EXERCISE DETAILS: Search term "Torre": please copy every line of the records below that contains it.

SUPPLIED RECORDS:
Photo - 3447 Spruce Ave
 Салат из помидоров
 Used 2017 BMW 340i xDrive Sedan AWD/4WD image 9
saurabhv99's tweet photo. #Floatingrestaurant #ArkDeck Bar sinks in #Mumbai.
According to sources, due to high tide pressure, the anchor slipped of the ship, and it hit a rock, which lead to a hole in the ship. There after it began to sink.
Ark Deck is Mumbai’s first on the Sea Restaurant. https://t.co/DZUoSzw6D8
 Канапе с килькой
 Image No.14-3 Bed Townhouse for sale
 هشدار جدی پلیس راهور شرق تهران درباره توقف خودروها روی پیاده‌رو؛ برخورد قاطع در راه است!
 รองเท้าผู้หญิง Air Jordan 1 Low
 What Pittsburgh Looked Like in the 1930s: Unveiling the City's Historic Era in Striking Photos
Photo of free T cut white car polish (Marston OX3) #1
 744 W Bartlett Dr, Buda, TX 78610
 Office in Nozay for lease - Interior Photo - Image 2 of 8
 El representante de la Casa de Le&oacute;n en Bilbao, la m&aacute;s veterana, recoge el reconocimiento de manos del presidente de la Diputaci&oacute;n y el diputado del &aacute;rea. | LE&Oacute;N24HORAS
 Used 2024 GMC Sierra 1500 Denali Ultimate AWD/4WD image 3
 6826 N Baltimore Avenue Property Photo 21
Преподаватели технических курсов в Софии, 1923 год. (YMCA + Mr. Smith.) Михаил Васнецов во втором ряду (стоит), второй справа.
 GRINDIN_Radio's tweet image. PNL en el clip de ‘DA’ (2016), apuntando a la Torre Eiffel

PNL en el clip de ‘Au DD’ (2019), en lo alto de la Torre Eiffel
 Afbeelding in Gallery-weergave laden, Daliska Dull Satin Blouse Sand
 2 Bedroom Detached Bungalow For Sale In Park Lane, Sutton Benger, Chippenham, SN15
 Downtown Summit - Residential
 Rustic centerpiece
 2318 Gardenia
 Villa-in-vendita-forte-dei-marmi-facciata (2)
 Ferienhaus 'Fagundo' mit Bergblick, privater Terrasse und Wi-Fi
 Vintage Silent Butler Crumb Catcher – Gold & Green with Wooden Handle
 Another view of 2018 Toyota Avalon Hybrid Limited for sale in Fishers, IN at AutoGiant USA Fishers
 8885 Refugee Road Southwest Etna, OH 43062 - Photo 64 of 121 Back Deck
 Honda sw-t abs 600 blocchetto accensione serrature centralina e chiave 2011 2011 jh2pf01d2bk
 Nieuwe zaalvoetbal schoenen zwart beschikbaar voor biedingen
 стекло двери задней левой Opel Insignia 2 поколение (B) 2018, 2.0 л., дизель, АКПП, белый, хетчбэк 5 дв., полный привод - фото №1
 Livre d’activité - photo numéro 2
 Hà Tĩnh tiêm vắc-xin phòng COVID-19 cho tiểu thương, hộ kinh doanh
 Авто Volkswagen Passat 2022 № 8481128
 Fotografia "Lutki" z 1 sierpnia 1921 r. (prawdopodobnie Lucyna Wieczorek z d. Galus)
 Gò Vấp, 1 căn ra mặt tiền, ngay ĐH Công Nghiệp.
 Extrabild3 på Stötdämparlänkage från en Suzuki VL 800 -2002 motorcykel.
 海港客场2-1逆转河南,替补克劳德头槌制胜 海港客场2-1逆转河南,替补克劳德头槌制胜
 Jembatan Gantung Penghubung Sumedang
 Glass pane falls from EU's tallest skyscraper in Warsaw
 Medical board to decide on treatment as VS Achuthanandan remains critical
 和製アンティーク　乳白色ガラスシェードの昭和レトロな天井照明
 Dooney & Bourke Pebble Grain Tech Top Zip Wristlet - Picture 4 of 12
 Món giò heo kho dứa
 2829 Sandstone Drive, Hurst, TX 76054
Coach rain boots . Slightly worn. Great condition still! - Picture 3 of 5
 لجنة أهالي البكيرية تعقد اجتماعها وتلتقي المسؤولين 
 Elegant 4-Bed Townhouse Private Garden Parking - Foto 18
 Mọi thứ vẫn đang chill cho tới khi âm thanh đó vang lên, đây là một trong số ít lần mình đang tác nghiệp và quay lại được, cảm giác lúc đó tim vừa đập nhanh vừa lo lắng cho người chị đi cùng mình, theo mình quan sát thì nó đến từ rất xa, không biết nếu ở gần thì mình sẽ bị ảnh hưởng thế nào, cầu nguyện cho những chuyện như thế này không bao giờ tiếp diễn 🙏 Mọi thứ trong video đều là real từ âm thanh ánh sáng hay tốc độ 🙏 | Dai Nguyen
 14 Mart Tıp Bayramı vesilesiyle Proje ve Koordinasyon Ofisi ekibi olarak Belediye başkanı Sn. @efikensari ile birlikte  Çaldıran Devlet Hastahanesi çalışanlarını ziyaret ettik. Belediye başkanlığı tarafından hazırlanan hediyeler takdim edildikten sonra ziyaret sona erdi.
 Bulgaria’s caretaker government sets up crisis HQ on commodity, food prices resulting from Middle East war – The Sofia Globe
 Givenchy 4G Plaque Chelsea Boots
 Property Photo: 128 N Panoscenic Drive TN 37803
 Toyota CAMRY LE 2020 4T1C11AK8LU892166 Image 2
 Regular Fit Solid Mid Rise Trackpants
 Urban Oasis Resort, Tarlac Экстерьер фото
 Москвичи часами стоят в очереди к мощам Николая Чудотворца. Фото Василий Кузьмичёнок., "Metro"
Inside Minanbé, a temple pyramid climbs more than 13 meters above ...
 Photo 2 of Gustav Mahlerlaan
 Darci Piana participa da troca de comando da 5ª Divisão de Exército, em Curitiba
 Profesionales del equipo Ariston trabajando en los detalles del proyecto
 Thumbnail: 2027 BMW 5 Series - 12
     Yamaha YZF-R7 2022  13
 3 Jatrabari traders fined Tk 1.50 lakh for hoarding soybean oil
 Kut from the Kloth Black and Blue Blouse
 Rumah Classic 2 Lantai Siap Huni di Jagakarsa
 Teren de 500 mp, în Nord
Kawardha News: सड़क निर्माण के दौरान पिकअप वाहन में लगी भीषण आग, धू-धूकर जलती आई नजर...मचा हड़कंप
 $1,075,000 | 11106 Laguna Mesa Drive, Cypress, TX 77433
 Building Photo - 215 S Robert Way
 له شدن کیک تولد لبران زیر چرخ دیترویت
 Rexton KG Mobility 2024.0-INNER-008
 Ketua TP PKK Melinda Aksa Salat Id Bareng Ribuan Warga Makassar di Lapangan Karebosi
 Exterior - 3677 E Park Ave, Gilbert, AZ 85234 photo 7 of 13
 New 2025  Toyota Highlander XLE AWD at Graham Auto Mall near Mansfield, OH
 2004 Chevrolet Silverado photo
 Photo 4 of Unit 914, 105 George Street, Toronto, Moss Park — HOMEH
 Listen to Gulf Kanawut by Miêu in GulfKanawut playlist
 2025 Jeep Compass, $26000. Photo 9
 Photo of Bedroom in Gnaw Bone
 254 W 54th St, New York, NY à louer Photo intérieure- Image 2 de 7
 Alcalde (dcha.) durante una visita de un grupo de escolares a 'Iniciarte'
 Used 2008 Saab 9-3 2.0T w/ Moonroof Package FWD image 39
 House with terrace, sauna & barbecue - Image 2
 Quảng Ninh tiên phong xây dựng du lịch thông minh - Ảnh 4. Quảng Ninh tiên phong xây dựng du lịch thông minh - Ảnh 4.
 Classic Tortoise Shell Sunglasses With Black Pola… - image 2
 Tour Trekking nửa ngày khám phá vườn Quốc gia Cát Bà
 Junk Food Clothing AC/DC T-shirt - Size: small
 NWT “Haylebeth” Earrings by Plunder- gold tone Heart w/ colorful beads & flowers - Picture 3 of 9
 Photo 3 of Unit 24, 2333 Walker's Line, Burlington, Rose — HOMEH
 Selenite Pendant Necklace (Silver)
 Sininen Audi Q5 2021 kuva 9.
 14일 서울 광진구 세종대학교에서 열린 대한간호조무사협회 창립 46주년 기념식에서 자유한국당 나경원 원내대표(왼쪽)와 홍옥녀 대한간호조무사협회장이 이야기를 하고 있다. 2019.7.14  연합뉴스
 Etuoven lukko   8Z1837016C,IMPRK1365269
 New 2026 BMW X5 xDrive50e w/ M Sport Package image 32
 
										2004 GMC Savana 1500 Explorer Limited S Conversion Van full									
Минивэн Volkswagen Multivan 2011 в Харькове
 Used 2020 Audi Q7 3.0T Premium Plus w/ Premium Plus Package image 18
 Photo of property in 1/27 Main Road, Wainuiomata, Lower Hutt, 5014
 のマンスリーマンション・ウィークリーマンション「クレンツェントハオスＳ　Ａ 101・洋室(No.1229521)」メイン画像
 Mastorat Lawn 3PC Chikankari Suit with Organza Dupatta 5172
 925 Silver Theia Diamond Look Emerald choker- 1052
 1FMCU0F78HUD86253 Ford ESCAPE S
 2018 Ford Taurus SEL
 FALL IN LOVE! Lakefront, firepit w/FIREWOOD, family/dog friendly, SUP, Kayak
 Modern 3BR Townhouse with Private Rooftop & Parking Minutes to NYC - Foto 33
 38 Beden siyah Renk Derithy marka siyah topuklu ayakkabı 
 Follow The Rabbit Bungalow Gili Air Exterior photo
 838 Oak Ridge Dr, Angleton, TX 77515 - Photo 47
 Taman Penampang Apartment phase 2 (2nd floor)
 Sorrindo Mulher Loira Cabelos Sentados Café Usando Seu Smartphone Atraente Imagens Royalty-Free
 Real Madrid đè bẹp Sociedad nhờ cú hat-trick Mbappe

REPLY:
 GRINDIN_Radio's tweet image. PNL en el clip de ‘DA’ (2016), apuntando a la Torre Eiffel
PNL en el clip de ‘Au DD’ (2019), en lo alto de la Torre Eiffel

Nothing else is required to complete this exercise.